**EXERCISE INSTRUCTIONS**
Extract every record, exactly as written, and ignore the pictures.

Stored items
┄┄┄┄┄┄┄┄┄┄┄┄┄┄┄┄┄┄┄┄
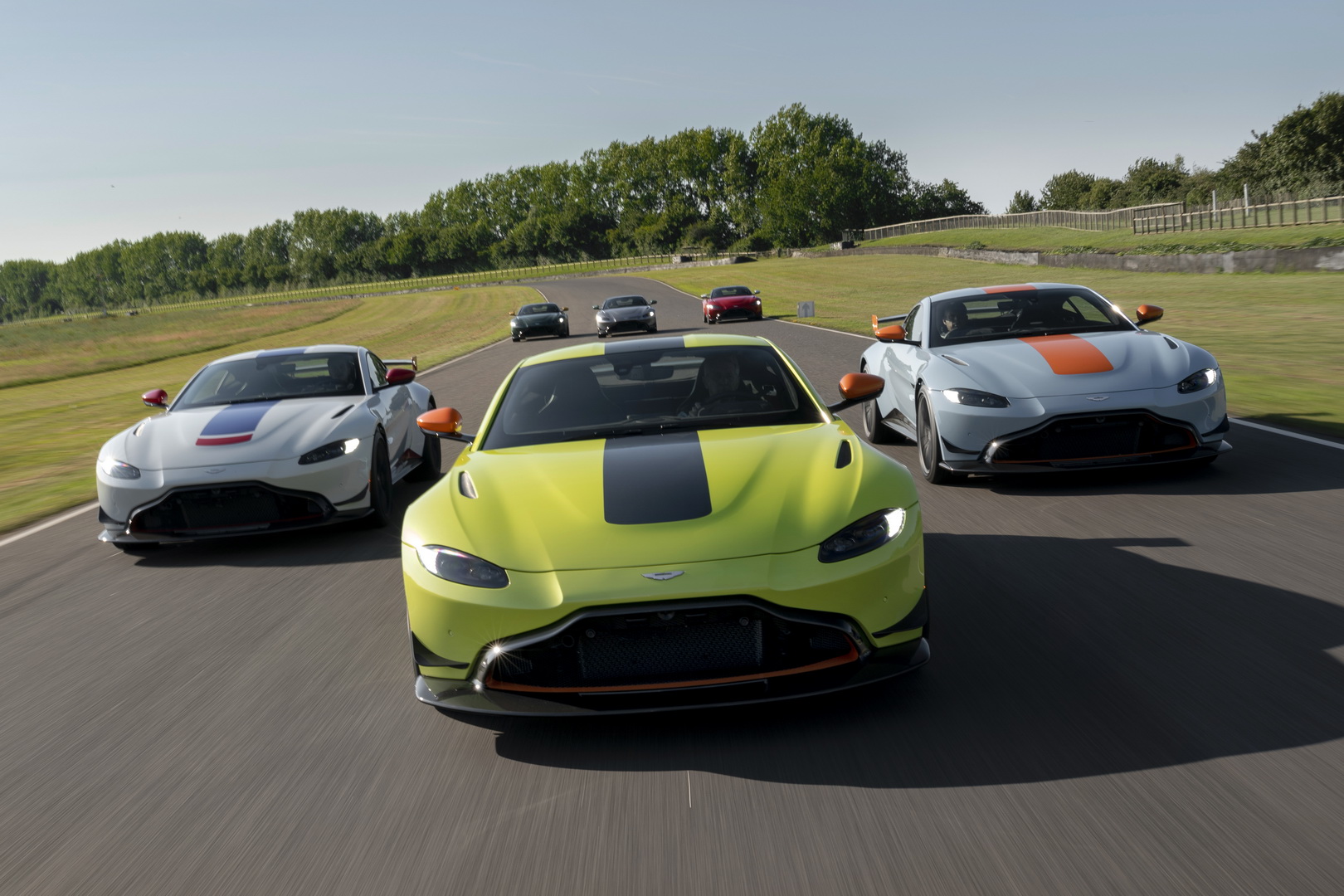 Aston Martin Vantage Heritage Racing Editions Pay Homage To Its History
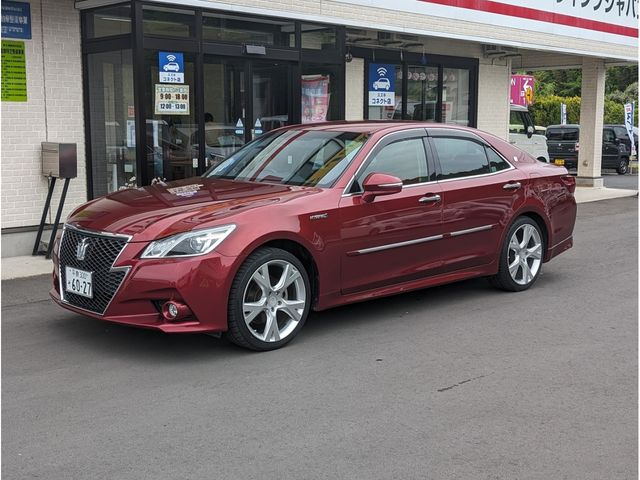 TOYOTA CROWN sedan hybrid 4WD 2015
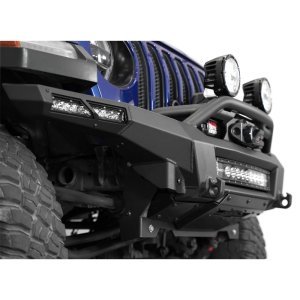 Front steel bumper with skid plate Addictive Desert Designs Phantom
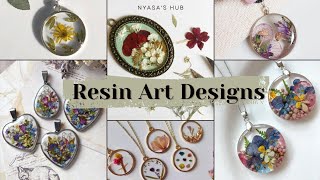 100+ Resin Art Designs TIPS! | Epoxy Resin Art Designs for beginners.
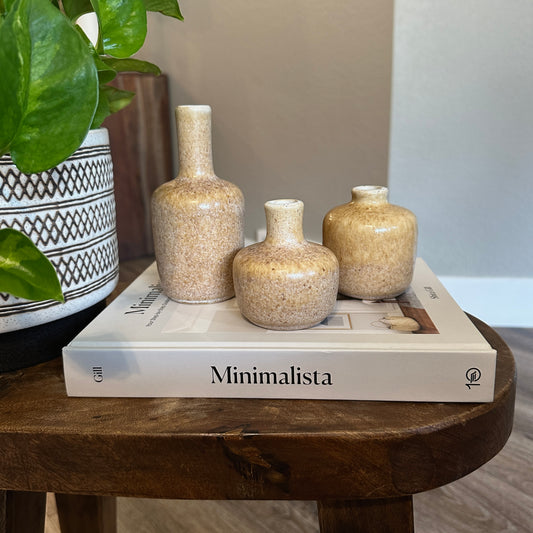 S/3 Bowie Vases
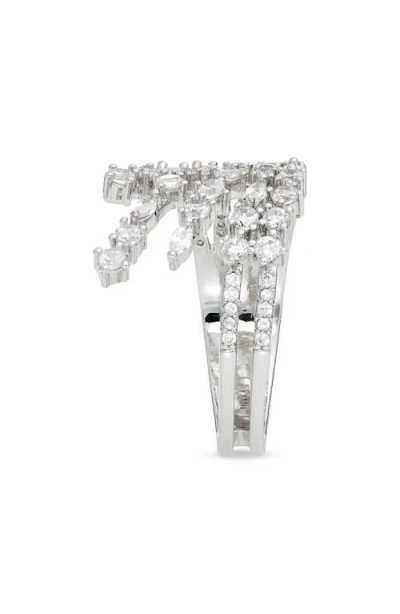 Nordstrom Angled Mixed Stone Ring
┄┄┄┄┄┄┄┄┄┄┄┄┄┄┄┄┄┄┄┄
**RESULT OF THIS TASK**
 Aston Martin Vantage Heritage Racing Editions Pay Homage To Its History
 TOYOTA CROWN sedan hybrid 4WD 2015
 Front steel bumper with skid plate Addictive Desert Designs Phantom
 100+ Resin Art Designs TIPS! | Epoxy Resin Art Designs for beginners.
 S/3 Bowie Vases
 Nordstrom Angled Mixed Stone Ring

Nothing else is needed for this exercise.